AIM OF THE TASK —
Would you repeat, exactly as given, the line with "Recorded Video XXX" and every line after it to the end of the entries?

════════

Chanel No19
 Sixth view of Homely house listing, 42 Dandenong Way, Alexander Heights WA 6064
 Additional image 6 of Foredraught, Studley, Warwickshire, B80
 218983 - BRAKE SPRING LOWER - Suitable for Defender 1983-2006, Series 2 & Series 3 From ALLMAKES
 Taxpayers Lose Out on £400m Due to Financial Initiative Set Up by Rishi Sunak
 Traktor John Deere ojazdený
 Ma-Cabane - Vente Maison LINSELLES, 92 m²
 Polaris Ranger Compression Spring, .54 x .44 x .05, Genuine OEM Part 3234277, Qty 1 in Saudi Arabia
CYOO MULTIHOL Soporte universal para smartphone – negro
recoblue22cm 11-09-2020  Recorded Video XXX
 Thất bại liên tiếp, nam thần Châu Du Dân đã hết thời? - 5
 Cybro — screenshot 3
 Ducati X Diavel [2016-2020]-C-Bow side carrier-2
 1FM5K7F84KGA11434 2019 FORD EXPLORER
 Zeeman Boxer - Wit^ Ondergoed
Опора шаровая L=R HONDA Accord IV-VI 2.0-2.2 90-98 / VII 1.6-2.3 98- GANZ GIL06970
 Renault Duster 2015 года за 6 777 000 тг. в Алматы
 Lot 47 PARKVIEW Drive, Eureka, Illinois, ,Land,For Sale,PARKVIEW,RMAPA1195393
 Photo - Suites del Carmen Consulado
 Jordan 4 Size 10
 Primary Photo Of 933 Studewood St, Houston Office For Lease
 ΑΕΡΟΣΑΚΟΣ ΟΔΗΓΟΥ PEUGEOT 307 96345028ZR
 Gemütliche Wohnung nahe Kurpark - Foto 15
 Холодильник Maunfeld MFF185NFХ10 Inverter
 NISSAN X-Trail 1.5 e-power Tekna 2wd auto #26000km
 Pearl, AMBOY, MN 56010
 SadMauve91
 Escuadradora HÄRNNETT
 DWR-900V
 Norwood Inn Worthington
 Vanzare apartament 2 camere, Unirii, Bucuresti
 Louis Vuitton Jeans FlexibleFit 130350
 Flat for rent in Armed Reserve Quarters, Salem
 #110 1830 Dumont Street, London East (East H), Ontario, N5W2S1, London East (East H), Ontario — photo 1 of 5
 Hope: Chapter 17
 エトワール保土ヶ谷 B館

════════

TASK RESPONSE —
recoblue22cm 11-09-2020  Recorded Video XXX
 Thất bại liên tiếp, nam thần Châu Du Dân đã hết thời? - 5
 Cybro — screenshot 3
 Ducati X Diavel [2016-2020]-C-Bow side carrier-2
 1FM5K7F84KGA11434 2019 FORD EXPLORER
 Zeeman Boxer - Wit^ Ondergoed
Опора шаровая L=R HONDA Accord IV-VI 2.0-2.2 90-98 / VII 1.6-2.3 98- GANZ GIL06970
 Renault Duster 2015 года за 6 777 000 тг. в Алматы
 Lot 47 PARKVIEW Drive, Eureka, Illinois, ,Land,For Sale,PARKVIEW,RMAPA1195393
 Photo - Suites del Carmen Consulado
 Jordan 4 Size 10
 Primary Photo Of 933 Studewood St, Houston Office For Lease
 ΑΕΡΟΣΑΚΟΣ ΟΔΗΓΟΥ PEUGEOT 307 96345028ZR
 Gemütliche Wohnung nahe Kurpark - Foto 15
 Холодильник Maunfeld MFF185NFХ10 Inverter
 NISSAN X-Trail 1.5 e-power Tekna 2wd auto #26000km
 Pearl, AMBOY, MN 56010
 SadMauve91
 Escuadradora HÄRNNETT
 DWR-900V
 Norwood Inn Worthington
 Vanzare apartament 2 camere, Unirii, Bucuresti
 Louis Vuitton Jeans FlexibleFit 130350
 Flat for rent in Armed Reserve Quarters, Salem
 #110 1830 Dumont Street, London East (East H), Ontario, N5W2S1, London East (East H), Ontario — photo 1 of 5
 Hope: Chapter 17
 エトワール保土ヶ谷 B館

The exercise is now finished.